Leggett & Platt, Incorporated

Stock Bonus Plan

NOTES TO FINANCIAL STATEMENTS – CONTINUED

December 31, 2008 and 2007

 

NOTE A – DESCRIPTION OF PLAN – CONTINUED

 

The Plan is designated as a pre-tax plan for employee contributions.

Prior to January 1, 2007, participants were allowed to diversify their accounts based on age and years of experience as defined by the Plan.

Effective January 1, 2007, a participant may sell some or all existing whole shares of L&P stock acquired through employee contributions and invest the proceeds in the other investment options offered by the Plan. After completion of three years of service (or, if later, as of January 1, 2007), participants can also diversify the investment of some or all of the whole shares acquired through employer contributions.

Participants who are entitled to diversify their existing shares under these rules may also elect to diversify future participant and employer contributions. If such an election is made, future contributions will be invested directly in the other investment options offered by the Plan, rather than in L&P stock.

Participant Accounts

Each participant’s account is credited with the participant’s contribution and allocations of the Company’s contribution and Plan earnings.

Vesting and Distributions

Participants are always 100% vested in their employee contributions and rollover accounts. The Plan has adopted a vesting method under which Company contributions will vest after the participant has completed three years of service. At December 31, 2008 and 2007, forfeited non-vested accounts totaled $32,756 and $1,914 respectively.
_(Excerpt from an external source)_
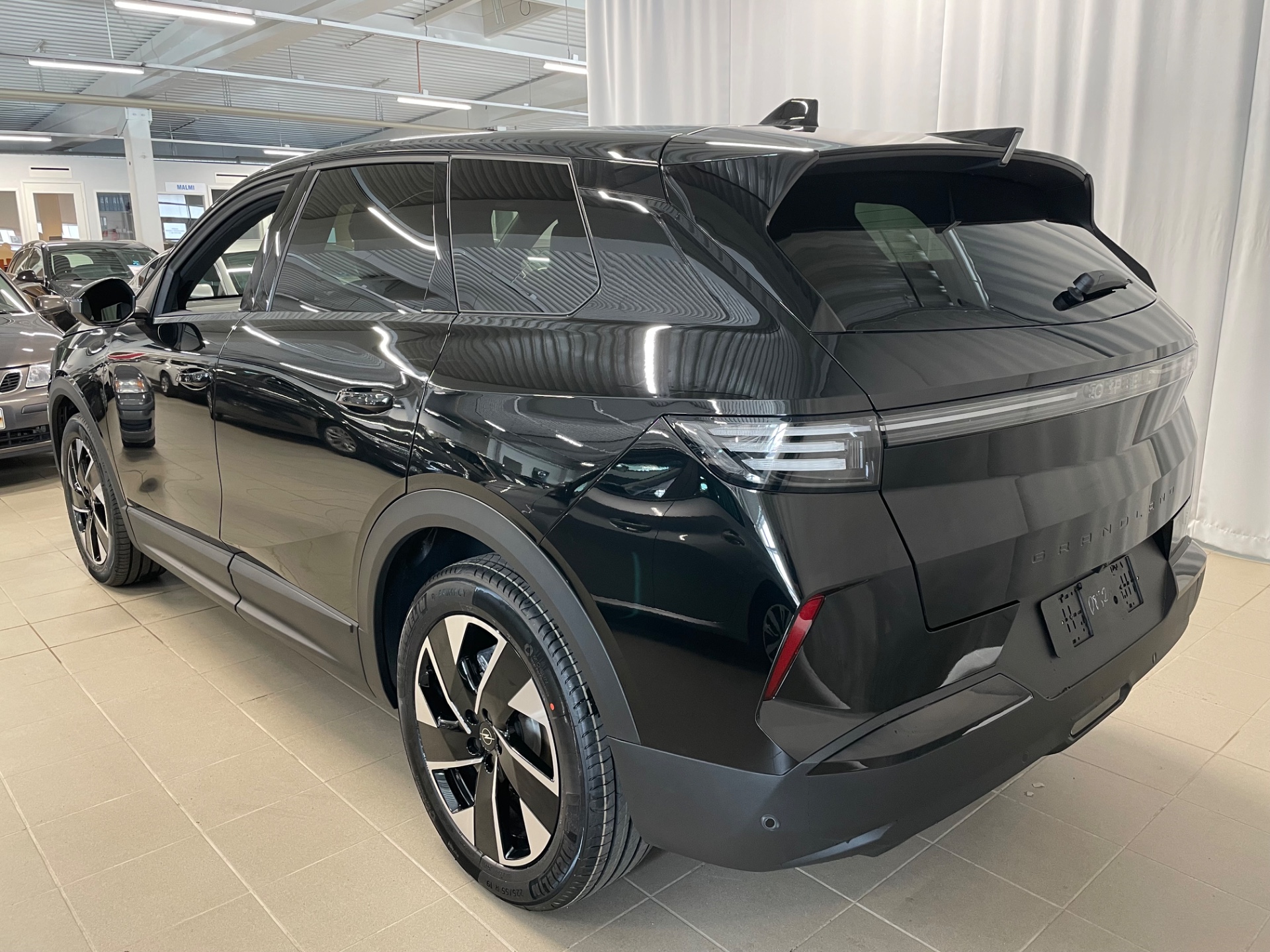 Opel Grandland Hybrid 145 GS Automaatti / Korkotarjous 2,99% + kulut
These accounts will be used to reduce future employer contributions. Upon retirement, death or disability, participants or their beneficiaries are entitled to the full value of their account, including Company contributions. Upon termination of employment for other reasons, participants are entitled to receive the full value of their account representing participant contributions and the vested portion of their account representing Company contributions. In-service withdrawals are allowed by participants after reaching age 59 1/2. For participants with vested balances of $1,000 or less, payment of that amount will be completed as soon as reasonably practicable upon termination. Participants with balances more than $1,000 may elect to receive payment in regular annual installments for up to 15 years, a lump sum payment (made directly to participant or in the form of a direct rollover) or a combination of the two.

Plan Trustee

Wachovia Bank, N. A., the Plan trustee, as sole trustee of the Plan, holds all Plan assets and pays benefits in accordance with information submitted by L&P, the Plan administrator.

Administrative Expenses

Most administrative expenses incurred are paid by and reflected in the financial statements of the Plan. Any Company paid expenses are not reflected in the financial statements of the Plan.

Plan Termination

Although it has not expressed any intent to do so, L&P has the right, by action of its Board of Directors, to terminate the Plan at any time. However, L&P determined that a partial plan termination did occur, effective November 13, 2007, in accordance with Section 411(c)(3) of the IRC. The Plan was then amended to immediately 100% fully vest all actively employed participants on November 13, 2007 who were affected by the partial plan termination.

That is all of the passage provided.